New reports
by an international aid organisation, Mercy Corps, have revealed how
Boko Haram insurgents use informal micro credit schemes and promises of
safety to recruit hundreds of youths and pupils as fighters.
The beneficiaries, the reports
funded by the Ford Foundation added, received amounts ranging from
N10,000 to N1m in order to buy motorcycles, restock their trading stores
and grow their small-scale businesses.
The reports,
presented on Thursday in Lagos, also highlighted how repression from
the military and access to interest-free finance, among others, had
perpetuated terrorism and elicited sympathy from communities in the
North.
However,
the Lead Researcher and Global Director, Conflict Management for Mercy
Corps, Rebecca Wolfe, said many of the locals did not know that the
credits were from the insurgents.
The reports
noted, “Roughly one out of three respondents had completed secular
secondary school and about the same number had completed some sort of
Islamic schooling.”
Titled,
“Motivations and Empty Promises: Voices of former Boko Haram combatants
and Nigerian Youth and Gifts and Graft: How Boko Haram uses Financial
Services for Recruitment and Support,” the reports revealed that peer pressure and the availability of girls were also incentives to the beneficiaries.
According
to Wolfe, 47 former members of the insurgent groups, comprising 21
females and 26 males, 45 community members and seven others, who refused
the sect’s incentives were interviewed during the study.
She
added, “Sometimes the people did not know. It is usually something like
a friend coming to give them money for their business and they later
find out that the friend is a member of Boko Haram. I asked them, ‘Don’t
you people know?’ But it turned out that sometimes, they did not know
what they were getting into.
“One
male recipient shared how he was complaining to a friend that he wanted a
job so he could better provide for his parents. The friend then liaised
with Boko Haram leaders to secure a motorcycle to allow the recipient
start a business,” she said.
Meanwhile, the reports
recommended that the government should, in the post-conflict era,
“increase the quality, availability and diversity of financial services,
particularly to youths with small, informal businesses. Increase
transparency and accessibility to government-led economic programmes.
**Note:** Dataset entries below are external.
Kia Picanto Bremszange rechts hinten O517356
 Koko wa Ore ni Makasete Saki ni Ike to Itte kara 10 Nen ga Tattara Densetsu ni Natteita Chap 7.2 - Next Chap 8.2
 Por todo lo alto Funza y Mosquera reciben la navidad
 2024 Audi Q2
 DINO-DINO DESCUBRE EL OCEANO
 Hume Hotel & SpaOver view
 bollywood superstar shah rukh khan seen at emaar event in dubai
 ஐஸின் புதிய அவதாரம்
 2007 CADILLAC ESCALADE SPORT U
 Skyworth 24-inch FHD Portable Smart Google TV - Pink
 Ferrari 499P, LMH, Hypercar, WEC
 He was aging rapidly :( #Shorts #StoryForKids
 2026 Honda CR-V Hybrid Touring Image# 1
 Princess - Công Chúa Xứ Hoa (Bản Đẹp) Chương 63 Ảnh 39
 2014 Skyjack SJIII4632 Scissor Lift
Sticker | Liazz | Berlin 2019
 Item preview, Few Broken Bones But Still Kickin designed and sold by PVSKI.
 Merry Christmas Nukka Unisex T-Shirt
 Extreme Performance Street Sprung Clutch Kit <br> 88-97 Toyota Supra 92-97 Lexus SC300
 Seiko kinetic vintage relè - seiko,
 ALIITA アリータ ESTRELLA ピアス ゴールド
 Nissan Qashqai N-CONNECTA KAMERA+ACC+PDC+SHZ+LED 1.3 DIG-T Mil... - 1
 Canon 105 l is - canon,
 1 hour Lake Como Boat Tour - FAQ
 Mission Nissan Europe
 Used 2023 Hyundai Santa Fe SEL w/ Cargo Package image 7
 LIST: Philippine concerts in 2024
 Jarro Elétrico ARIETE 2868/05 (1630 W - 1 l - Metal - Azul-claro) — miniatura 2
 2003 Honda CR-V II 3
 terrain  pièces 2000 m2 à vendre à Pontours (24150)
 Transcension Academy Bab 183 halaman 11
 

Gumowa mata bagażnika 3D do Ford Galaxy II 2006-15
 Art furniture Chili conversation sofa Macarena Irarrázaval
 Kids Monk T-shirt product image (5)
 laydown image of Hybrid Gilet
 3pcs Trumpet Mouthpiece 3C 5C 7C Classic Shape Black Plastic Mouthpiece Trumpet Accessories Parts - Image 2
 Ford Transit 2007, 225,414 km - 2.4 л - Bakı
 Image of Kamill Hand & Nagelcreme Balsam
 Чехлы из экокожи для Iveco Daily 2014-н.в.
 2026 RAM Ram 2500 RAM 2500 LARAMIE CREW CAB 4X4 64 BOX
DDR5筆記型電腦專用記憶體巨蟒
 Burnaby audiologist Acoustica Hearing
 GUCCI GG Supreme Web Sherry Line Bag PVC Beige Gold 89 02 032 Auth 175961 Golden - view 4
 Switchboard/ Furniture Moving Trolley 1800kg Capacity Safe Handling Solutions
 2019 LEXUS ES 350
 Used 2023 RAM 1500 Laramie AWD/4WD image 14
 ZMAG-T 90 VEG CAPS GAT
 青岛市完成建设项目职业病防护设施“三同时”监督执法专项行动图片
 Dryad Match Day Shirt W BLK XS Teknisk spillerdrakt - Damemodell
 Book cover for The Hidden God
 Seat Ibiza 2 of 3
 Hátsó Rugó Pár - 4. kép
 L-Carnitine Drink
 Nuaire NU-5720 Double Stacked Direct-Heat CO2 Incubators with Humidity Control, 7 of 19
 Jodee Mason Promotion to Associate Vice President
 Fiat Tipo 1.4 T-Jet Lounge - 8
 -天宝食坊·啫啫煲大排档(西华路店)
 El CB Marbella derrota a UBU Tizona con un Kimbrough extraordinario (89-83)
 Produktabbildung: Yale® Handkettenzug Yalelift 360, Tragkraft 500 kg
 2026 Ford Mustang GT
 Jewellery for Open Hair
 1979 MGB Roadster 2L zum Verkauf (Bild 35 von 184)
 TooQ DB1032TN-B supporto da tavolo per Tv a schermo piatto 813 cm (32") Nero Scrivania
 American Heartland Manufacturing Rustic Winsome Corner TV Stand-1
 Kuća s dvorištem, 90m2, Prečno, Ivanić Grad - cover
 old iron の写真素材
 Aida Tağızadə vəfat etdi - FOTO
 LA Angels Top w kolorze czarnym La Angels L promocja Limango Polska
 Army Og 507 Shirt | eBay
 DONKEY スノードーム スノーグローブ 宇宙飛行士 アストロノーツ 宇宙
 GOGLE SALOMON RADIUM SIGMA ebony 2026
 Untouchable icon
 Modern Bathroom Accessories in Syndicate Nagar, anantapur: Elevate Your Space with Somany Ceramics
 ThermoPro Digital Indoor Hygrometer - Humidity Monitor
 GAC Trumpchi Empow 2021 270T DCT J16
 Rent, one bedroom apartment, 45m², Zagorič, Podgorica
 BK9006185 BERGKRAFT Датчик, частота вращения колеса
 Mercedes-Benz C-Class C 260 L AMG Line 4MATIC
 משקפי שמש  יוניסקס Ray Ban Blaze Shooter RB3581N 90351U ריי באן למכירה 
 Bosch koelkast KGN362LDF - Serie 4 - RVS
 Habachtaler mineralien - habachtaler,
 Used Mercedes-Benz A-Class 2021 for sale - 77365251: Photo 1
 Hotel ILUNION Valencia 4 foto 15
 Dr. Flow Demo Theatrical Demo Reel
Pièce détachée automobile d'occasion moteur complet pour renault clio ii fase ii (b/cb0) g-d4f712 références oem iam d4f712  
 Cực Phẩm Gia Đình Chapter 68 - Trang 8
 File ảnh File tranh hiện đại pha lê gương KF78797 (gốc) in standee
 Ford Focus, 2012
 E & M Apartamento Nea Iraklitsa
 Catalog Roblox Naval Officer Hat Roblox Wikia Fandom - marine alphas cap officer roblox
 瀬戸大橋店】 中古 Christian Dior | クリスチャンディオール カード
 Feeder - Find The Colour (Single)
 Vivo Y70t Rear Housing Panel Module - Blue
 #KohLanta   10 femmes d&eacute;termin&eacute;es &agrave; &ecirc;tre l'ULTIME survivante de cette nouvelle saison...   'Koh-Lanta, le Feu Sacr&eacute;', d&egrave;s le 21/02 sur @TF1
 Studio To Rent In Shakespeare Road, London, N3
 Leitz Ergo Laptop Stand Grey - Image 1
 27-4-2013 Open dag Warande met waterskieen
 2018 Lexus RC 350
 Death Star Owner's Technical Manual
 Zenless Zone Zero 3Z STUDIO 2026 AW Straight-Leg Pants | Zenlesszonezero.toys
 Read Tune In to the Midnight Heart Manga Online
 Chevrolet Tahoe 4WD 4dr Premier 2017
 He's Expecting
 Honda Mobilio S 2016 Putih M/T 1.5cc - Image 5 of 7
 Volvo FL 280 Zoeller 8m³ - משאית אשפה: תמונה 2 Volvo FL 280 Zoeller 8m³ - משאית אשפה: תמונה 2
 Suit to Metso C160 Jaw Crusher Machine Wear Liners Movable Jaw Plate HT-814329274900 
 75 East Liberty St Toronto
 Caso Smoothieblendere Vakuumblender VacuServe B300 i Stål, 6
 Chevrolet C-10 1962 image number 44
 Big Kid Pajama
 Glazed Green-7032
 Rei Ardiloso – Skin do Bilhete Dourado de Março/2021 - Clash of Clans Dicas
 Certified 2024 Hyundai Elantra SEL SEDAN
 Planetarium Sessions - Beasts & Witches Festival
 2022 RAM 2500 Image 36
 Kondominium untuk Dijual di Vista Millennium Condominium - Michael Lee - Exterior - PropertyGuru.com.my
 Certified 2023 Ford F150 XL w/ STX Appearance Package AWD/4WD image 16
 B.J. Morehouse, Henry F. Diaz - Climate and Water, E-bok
Explore financial services to help youths achieve their ambitions, among
other interventions.”
A member of
the team, Ballama Mustafa, who urged the government to make its presence
felt in remote communities in the region, added that interventions
should be interest-free and should not exclude locals, who are not
literate.
He added, “There are
diverse paths to membership. Some were abducted and some joined because
they had friends who were insurgents. Some joined to avenge the deaths
of their family members or friends. When the military invades a
community after a terrorist attack, you find that the military arrests
people indiscriminately. But Boko Haram also does that. When they go
into a community, they can kill parents who have prevented their
children from joining them. One of our recommendations is that
communities and schools should create counter-narratives to dissuade
youths and pupils from joining the sect.”